FIG. 1. Kaplan-Meier survival curves for underlying disease, zygomycosis infection, and actuarial disease (all 24 subjects). Crosses indicate deaths or end of treatment with posaconazole. The solid line represents percent survival from underlying disease; it (more ...)
Of the 18 individuals who underwent surgical debridement, 15 had residual disease at the start of posaconazole therapy. Only 2 (13%) of these 15 patients had a failed outcome, compared to 3 of 6 (50%) having no surgery (P = 0.11 by Fisher's exact test). Surgery (n = 18) was marginally significantly associated with a reduced risk of experiencing a failed outcome (odds ratio, 0.12; 95% confidence interval, 0.01 to 1.10). Surgery was marginally significantly associated with a protective effect for the hazard of dying from underlying disease (P = 0.058; hazard rate, 0.17; 95% confidence interval, 0.03 to 1.07). That is, a subject was 5.7 times more likely to survive the underlying disease if he or she had surgery. Surgery was significantly associated with better overall survival (P = 0.02; hazard rate, 0.21; 95% confidence interval, 0.06 to 0.78).

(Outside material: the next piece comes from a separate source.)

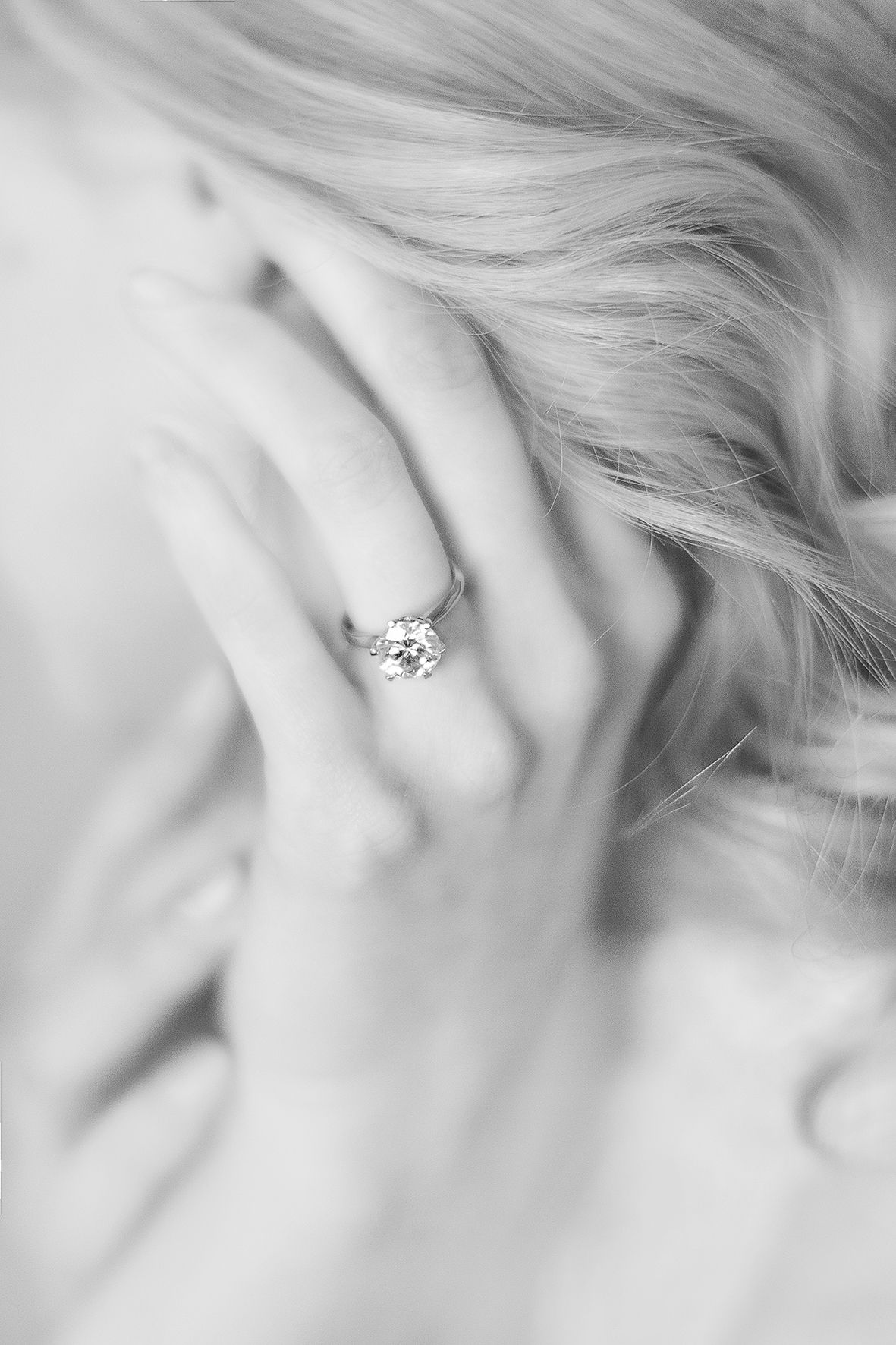 Close-up black and white photo of an elegant diamond engagement ring on a hand with soft blonde hair in background.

Three of the 4 (75%) subjects with a disseminated infection had a failed outcome, compared to 2 of 20 (10%) subjects without a disseminated infection (P = 0.0018 by Fisher's exact test). Hence, a subject with a disseminated infection was 27 times more likely to have a failed outcome (95% confidence interval for the odds ratio, 1.8 to 399.2). Having disseminated disease was significantly associated with a reduced chance of overall survival (P = 0.0018; hazard rate, 28.56; 95% confidence interval, 3.49 to 233.88). No other risk factors were significantly associated with overall survival or outcome.
Zygomycetes were isolated in culture from 17 of 24 (71%) subjects and were Rhizopus spp. (n = 6), Mucor spp. (n = 6), Cunninghamella spp. (n = 3), and Rhizomucor spp. (n = 2). Five of six Rhizopus sp. isolates, five of six Mucor sp. isolates, one of three Cunninghamella sp. isolates, and one of two Rhizomucor sp. isolates were associated with either complete or partial responses. The MIC for one Cunninghamella sp. isolate (patient 9, failure) was 1 μg/ml, and the MIC for one Rhizopus sp. isolate (patient 12, complete response) was 4 μg/ml. Data from the other isolates are not available. Also, to date, there are no interpretive guidelines for these data.
One subject (patient 5) with a brain lesion at enrollment gradually lost visual acuity after 1 month of treatment. No definitive cause was identified, and the investigator rated the event as probably not related to the posaconazole. The individual continued to improve otherwise and remained on therapy with posaconazole for a total of 148 days. One subject, who was treated with posaconazole for 157 days, developed a non-life-threatening purpuric rash over the face and shoulders. The rash was first noticed towards the end of therapy and resolved shortly after posaconazole was discontinued (subject 17). In general, the oral suspension was well tolerated and no subject discontinued therapy due to the taste of the medication.